START DATASET

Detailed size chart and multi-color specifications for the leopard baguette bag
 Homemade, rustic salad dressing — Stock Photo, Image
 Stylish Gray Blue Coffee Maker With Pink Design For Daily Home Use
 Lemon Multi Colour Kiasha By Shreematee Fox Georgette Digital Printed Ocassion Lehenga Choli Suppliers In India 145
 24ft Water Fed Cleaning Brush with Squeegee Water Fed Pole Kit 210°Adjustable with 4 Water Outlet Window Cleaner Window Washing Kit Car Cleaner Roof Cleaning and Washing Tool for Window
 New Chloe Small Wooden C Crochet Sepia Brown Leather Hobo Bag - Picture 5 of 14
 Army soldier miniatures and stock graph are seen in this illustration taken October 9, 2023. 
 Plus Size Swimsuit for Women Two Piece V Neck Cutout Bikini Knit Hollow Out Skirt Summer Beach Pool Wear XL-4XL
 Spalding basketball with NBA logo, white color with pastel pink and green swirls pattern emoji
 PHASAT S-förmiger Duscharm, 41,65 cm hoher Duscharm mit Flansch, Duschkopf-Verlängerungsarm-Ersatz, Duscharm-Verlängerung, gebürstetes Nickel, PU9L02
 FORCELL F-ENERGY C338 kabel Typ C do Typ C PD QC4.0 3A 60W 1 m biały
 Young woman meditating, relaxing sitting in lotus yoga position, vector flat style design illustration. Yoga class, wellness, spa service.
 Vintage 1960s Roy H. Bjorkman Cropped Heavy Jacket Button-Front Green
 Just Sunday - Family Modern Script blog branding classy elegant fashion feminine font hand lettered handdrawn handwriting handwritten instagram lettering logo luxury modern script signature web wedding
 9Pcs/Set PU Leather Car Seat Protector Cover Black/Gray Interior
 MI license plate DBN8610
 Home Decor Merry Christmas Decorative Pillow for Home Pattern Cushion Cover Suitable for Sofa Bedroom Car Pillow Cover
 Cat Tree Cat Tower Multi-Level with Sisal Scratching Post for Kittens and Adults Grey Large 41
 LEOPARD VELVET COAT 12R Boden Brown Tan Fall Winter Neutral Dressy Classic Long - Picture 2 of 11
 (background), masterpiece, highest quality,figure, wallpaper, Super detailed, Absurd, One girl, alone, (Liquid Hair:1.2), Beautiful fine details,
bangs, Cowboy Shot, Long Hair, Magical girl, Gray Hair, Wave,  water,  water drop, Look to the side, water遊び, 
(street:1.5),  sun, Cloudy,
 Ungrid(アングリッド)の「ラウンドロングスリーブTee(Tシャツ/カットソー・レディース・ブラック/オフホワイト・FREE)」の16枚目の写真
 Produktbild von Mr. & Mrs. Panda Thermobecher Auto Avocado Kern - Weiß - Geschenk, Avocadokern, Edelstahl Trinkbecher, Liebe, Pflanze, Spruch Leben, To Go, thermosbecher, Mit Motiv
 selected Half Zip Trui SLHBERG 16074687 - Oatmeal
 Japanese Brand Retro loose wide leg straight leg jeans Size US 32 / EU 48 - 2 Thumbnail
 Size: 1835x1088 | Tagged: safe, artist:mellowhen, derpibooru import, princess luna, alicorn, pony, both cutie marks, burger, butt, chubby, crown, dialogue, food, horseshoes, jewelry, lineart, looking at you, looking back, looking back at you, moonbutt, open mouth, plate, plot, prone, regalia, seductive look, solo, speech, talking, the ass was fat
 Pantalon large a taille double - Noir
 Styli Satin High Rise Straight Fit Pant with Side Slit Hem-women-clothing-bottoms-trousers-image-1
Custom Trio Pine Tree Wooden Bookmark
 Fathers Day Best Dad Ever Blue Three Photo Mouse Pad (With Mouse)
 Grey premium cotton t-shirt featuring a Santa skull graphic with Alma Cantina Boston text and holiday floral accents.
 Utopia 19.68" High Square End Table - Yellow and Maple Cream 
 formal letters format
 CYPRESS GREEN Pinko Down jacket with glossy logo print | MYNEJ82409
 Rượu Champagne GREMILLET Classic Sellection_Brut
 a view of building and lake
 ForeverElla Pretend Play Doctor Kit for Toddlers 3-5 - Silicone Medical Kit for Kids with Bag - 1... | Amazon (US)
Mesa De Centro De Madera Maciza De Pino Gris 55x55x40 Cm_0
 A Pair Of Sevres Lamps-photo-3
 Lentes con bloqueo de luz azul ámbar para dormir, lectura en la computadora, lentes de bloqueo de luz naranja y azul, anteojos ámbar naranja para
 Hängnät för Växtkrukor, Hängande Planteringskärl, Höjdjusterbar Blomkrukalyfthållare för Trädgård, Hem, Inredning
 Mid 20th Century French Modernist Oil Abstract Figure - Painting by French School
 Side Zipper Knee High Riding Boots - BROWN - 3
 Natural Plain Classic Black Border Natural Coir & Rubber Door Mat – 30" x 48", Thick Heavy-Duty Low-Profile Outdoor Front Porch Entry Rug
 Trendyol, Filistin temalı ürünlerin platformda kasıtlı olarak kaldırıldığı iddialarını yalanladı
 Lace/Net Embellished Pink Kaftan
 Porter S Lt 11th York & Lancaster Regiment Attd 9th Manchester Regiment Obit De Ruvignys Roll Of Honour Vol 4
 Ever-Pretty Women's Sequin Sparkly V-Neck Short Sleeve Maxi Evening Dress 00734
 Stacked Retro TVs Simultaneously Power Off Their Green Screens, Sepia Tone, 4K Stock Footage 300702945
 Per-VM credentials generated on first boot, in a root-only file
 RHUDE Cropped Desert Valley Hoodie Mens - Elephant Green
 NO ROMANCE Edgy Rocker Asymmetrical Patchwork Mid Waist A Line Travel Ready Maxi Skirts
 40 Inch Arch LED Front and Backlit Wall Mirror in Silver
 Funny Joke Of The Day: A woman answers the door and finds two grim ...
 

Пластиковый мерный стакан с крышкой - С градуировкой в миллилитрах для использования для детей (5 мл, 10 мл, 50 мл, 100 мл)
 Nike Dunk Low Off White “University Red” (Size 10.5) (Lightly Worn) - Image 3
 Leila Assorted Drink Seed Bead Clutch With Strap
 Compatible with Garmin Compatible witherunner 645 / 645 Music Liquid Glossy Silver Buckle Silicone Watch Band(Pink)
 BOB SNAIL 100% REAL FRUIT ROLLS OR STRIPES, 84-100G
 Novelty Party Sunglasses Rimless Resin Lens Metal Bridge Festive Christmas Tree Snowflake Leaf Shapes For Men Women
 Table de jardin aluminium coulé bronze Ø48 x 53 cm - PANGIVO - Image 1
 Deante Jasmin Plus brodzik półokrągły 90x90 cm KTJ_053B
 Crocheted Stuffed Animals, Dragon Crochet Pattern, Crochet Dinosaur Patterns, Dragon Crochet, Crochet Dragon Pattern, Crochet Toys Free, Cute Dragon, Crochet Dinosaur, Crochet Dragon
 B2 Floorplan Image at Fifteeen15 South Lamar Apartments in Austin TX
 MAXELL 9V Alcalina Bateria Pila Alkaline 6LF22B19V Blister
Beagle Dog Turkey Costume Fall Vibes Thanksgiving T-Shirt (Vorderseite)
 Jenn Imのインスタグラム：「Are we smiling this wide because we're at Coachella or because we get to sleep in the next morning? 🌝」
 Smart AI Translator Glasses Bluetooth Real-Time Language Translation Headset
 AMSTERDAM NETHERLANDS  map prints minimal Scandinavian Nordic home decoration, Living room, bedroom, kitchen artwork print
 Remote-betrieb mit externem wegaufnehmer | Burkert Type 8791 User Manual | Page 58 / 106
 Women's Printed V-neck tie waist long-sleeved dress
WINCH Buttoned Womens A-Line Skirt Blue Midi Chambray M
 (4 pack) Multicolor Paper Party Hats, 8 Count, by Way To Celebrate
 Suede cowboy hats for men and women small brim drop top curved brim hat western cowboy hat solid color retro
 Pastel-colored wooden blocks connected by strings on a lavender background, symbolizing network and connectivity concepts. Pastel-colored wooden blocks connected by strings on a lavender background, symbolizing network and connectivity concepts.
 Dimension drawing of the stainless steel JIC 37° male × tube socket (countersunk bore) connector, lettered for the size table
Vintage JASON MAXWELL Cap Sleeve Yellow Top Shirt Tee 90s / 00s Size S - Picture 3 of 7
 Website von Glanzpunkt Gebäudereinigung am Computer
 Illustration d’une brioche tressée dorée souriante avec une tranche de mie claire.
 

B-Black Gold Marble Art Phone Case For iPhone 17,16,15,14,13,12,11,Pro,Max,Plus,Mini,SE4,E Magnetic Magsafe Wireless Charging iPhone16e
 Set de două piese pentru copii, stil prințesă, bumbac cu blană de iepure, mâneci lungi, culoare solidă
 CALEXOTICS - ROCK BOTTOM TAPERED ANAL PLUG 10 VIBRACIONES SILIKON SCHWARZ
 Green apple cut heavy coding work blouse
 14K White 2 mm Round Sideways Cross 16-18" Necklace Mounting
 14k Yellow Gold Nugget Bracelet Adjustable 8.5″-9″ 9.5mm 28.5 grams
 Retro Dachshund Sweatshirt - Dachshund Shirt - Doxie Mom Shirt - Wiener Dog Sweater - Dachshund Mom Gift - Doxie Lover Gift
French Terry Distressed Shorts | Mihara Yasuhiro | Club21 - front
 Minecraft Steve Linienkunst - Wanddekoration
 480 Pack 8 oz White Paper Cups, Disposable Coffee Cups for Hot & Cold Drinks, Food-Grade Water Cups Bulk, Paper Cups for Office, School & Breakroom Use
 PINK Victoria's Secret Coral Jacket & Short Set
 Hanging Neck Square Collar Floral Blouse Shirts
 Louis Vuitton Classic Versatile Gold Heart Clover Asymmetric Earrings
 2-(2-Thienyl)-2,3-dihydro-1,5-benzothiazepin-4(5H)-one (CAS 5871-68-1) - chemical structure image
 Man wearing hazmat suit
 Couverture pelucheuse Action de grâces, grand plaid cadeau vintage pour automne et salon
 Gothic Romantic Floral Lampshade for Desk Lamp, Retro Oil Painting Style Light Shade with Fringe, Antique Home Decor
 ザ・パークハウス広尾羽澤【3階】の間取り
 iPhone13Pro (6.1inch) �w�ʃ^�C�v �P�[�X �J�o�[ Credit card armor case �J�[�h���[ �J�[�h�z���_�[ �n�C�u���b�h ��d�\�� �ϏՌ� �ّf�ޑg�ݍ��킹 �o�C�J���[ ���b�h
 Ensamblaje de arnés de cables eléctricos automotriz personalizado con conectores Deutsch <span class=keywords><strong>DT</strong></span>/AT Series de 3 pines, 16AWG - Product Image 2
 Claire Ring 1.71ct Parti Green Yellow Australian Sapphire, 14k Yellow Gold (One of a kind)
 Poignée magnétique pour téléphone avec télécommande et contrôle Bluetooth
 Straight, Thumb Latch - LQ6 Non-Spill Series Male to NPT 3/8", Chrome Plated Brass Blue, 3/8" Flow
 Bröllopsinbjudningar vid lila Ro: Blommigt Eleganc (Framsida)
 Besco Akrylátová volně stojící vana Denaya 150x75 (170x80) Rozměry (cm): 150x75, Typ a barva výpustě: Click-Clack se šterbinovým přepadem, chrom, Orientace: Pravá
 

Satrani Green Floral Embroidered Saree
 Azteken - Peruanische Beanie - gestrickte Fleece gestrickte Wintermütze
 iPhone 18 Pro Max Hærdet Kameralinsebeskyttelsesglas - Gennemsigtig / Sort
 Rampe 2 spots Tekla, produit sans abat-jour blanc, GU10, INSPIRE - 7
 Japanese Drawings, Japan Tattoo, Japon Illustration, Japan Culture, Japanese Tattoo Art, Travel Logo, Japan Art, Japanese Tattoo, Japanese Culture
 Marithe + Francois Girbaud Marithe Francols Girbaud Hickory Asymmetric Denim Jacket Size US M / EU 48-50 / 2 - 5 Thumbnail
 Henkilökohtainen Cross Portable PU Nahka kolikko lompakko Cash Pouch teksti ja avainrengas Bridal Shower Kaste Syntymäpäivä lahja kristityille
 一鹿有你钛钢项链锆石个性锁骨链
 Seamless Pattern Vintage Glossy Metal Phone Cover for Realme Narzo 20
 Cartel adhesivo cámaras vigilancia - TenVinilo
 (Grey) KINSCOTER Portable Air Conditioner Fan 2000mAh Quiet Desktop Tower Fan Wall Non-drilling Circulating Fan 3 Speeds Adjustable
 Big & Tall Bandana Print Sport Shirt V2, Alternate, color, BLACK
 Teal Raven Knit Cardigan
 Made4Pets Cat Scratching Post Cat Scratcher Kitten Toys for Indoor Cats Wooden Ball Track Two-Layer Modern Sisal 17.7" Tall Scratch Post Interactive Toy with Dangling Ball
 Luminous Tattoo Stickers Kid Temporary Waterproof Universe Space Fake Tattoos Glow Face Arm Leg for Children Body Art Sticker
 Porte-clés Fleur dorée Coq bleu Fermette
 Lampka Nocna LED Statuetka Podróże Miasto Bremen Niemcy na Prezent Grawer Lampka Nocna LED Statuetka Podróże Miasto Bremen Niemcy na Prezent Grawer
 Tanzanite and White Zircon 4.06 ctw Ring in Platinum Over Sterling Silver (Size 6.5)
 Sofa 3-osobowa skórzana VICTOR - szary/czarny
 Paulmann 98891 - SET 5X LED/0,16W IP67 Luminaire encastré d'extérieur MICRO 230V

END DATASET

Write only the number of lines in the listing that include "Yellow".

EXERCISE RESULT -
4